DATASET EXTRACT:
■ ■ ■ ■

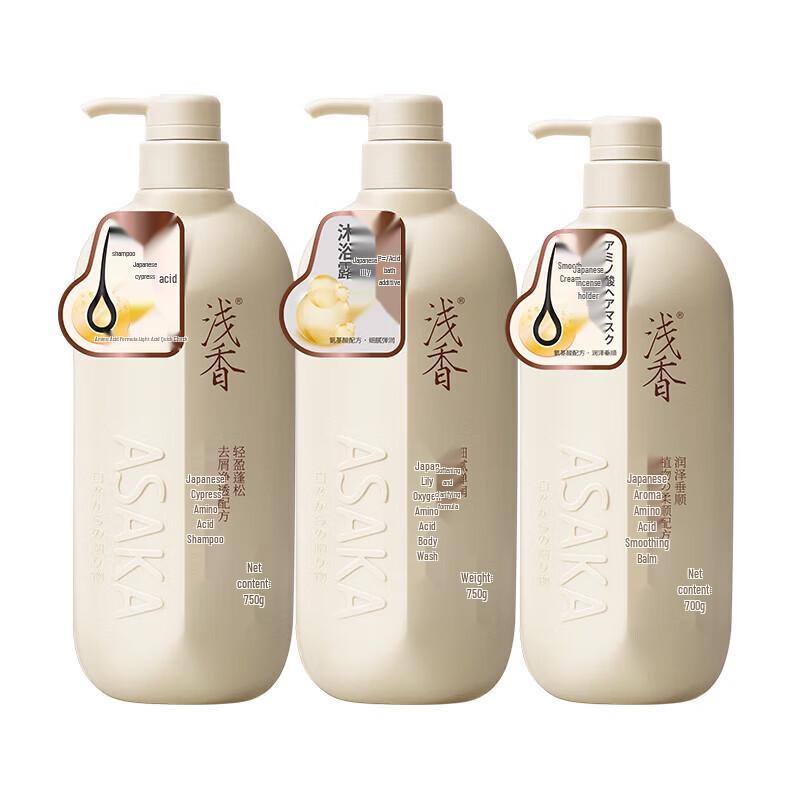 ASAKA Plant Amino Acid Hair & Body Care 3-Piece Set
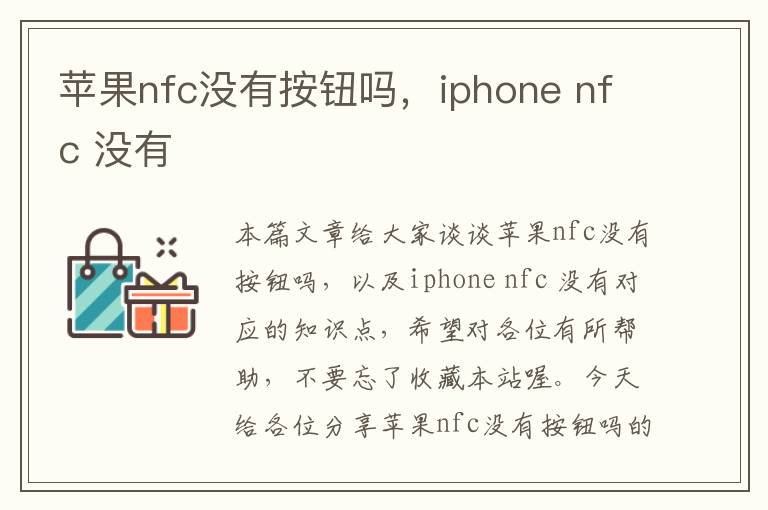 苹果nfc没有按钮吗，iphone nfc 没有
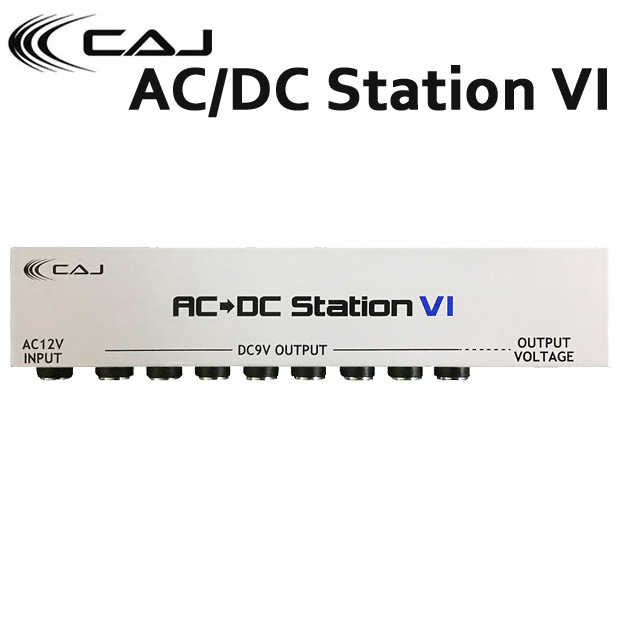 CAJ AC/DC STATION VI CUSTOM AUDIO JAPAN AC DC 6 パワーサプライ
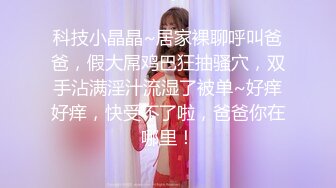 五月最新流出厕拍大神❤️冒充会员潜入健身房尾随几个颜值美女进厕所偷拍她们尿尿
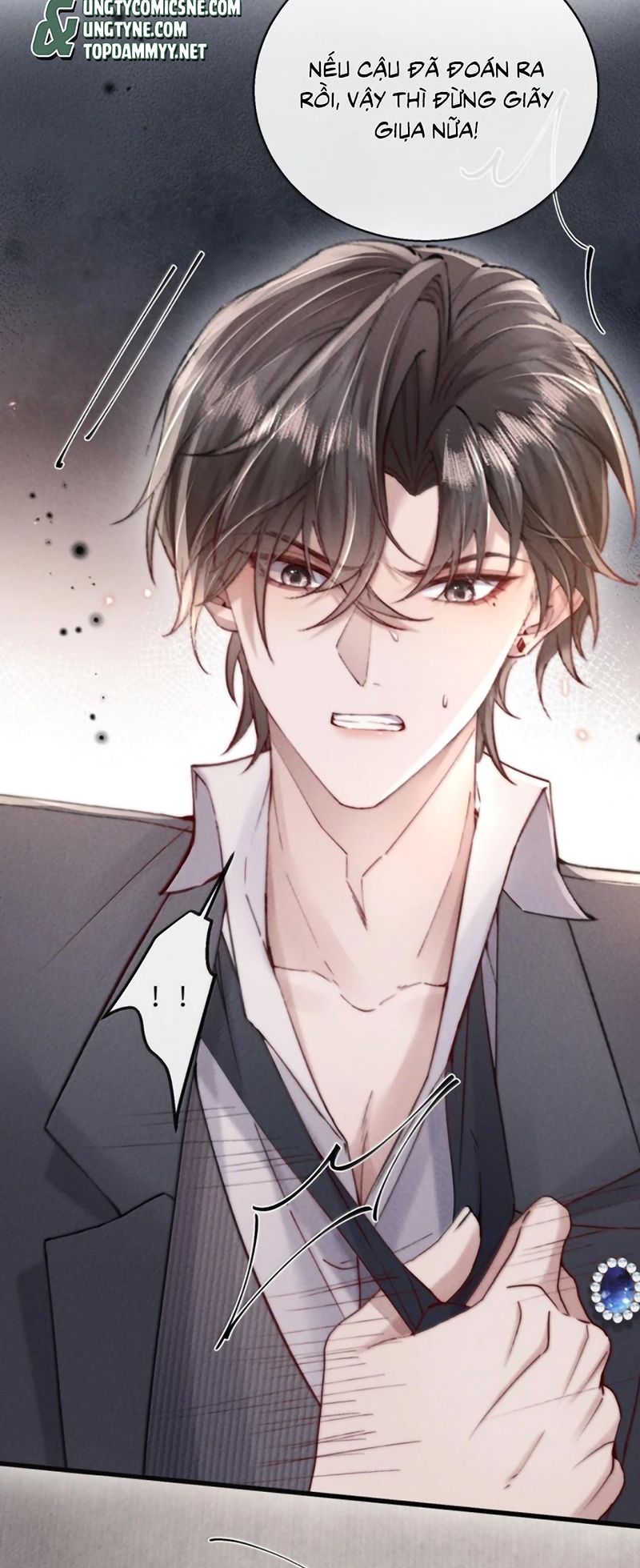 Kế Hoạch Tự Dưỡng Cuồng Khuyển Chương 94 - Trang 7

■ ■ ■ ■

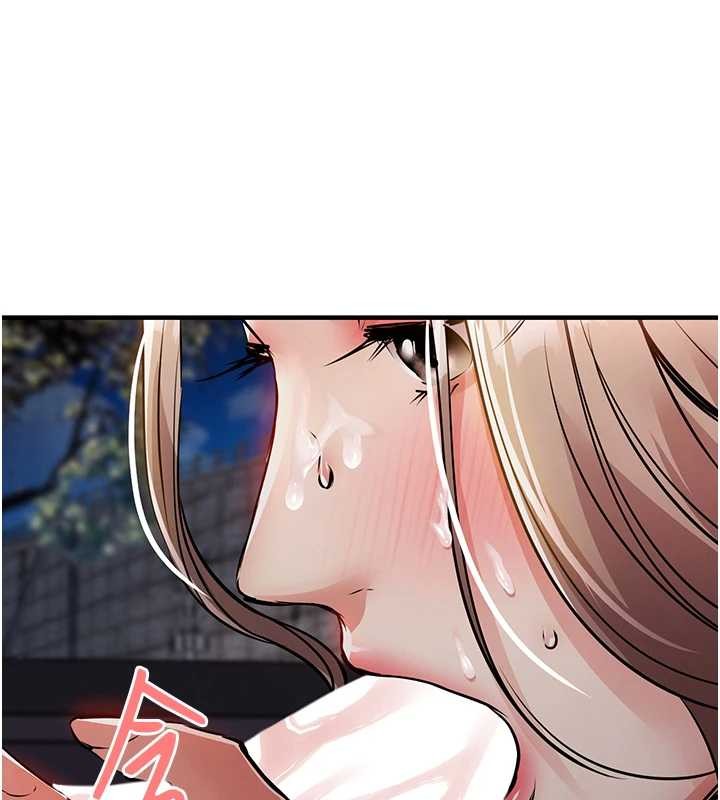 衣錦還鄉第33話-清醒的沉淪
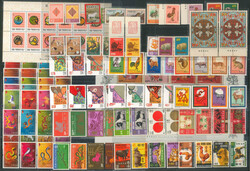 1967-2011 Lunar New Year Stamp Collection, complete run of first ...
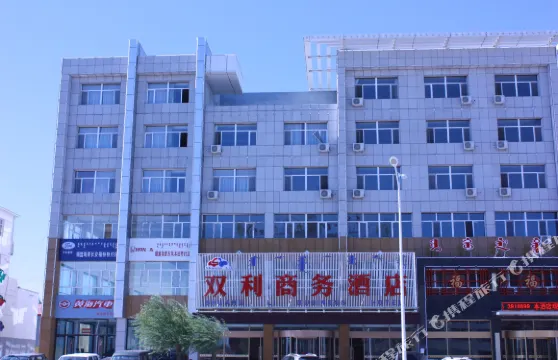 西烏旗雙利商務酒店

■ ■ ■ ■

Pictures excluded, reproduce only the part above that opens with the line holding "五月最新流出厕拍大神❤️冒充会员潜入健身房尾随几个颜值美女进厕所偷拍她们尿尿" and closes with the line holding "Kế Hoạch Tự", exactly as written.

TASK OUTPUT:
 五月最新流出厕拍大神❤️冒充会员潜入健身房尾随几个颜值美女进厕所偷拍她们尿尿
 Kế Hoạch Tự Dưỡng Cuồng Khuyển Chương 94 - Trang 7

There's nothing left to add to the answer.